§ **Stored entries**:
Start of Block

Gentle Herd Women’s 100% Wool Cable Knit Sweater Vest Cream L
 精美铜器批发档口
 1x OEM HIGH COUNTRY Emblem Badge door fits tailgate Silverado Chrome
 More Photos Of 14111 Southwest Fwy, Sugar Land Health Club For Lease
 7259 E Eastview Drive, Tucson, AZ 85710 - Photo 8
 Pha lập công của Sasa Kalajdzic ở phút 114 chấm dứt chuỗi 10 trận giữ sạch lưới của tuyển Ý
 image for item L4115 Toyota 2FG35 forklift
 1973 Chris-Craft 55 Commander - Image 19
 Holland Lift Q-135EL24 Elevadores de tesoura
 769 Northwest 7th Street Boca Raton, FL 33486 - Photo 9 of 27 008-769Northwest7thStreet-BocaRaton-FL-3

End of Block

§ **Directions**: The lines to output run from the one containing "Holland Lift Q-135EL24 Elevadores de tesoura" to the last line of the entries; give them back exactly.

§ **Solved exercise**:
 Holland Lift Q-135EL24 Elevadores de tesoura
 769 Northwest 7th Street Boca Raton, FL 33486 - Photo 9 of 27 008-769Northwest7thStreet-BocaRaton-FL-3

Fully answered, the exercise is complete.